Sen. Marco Rubio has waited five months to deliver his maiden speech. Today, finally, the Florida freshman will take to the floor.
According to excerpts obtained by National Review Online, Rubio will call for a “new American century.”
Rubio’s key theme is American exceptionalism. “Ronald Reagan described America as a shining city on a hill,” he will say. “America never wanted to be the only shining city. We wanted our example to inspire the people of the world to build one of their own. You see, these nations, these new shining cities, they can join us, but they can never replace us. Because the light coming from them is but a reflection of our own.
“The light of an American century that now spreads throughout the earth,” he continues. “The world still needs America. The world still needs our light. It needs another American century.”
Reflecting on the history of the United States, Rubio will note that though America did not seek to be a world power, “that is exactly what the American economic miracle made her.”
“Most great powers have used their strength to conquer other nations,” he will says. “But America is different. For us, power also came with a sense that to those that much is given, much is expected. A sense that with the blessings God bestowed upon our land, came the responsibility to make the world a better place. In the 20th century, that is exactly what America did.”
Turning from the past to the future, Rubio will outline his political agenda. “Now we find ourselves in a new century. And there is a growing sense that for America, things will never be the same,” he will say. “That maybe, this new century will belong to someone else. Indeed, we do stand now at a turning point in our history. One where there are only two ways forward for us. We will either bring on another American century, or we are doomed to witness America’s decline.”
“A new American century is within our reach,” he will declare. “There is nothing wrong with our people. Americans haven’t forgotten how to start a business. They haven’t run out of good ideas. Americans are as great as we have ever been. But our government is broken. And a broken government is keeping us from doing what we have done better than anyone in the world for over a century: Create jobs.

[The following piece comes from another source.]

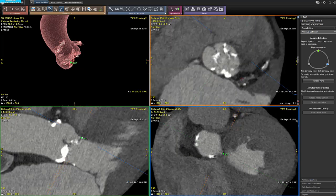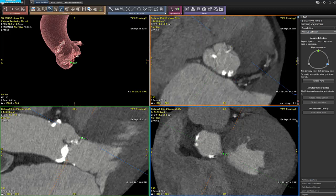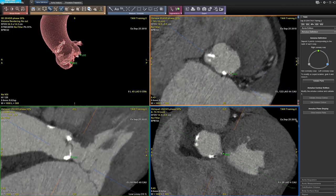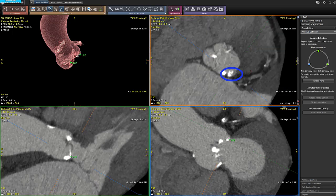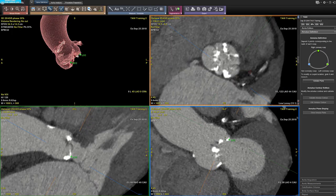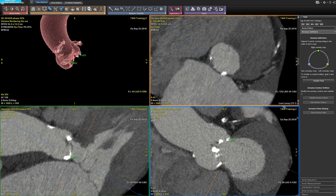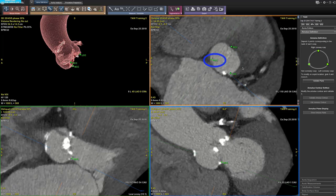The software will automatically select the left coronary cusp. You deposit the point on the left coronary cusp, and the software will automatically select the non-coronary cusp. The three points are now deposited to define the annulus plane.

“If we here in Washington could just find agreement on a plan to start getting our debt under control. If we could just make our tax code simpler and more predictable. And if we could just get the government to ease up on some of these onerous regulations, the American people will take care of the rest,” he will argue. “If this government will do its part, this generation of Americans is ready to theirs. They will give us a prosperous, upwardly mobile economy. One where our children will invent, build and sell things to a world where more people than ever before can afford to buy them.”
“If we can give America a government that lives within its means, the American economy will give us a government whose means are considerable,” he will say. “A government that can afford to pay for the things a government should do, because it does not waste money on things it should not do. If we can deliver on a few simple but important things, we have the chance to achieve something that is hard to imagine is even possible. An America whose future will be greater than its past.”
The speech will be broadcast at 2:45 p.m. on CSPAN-2.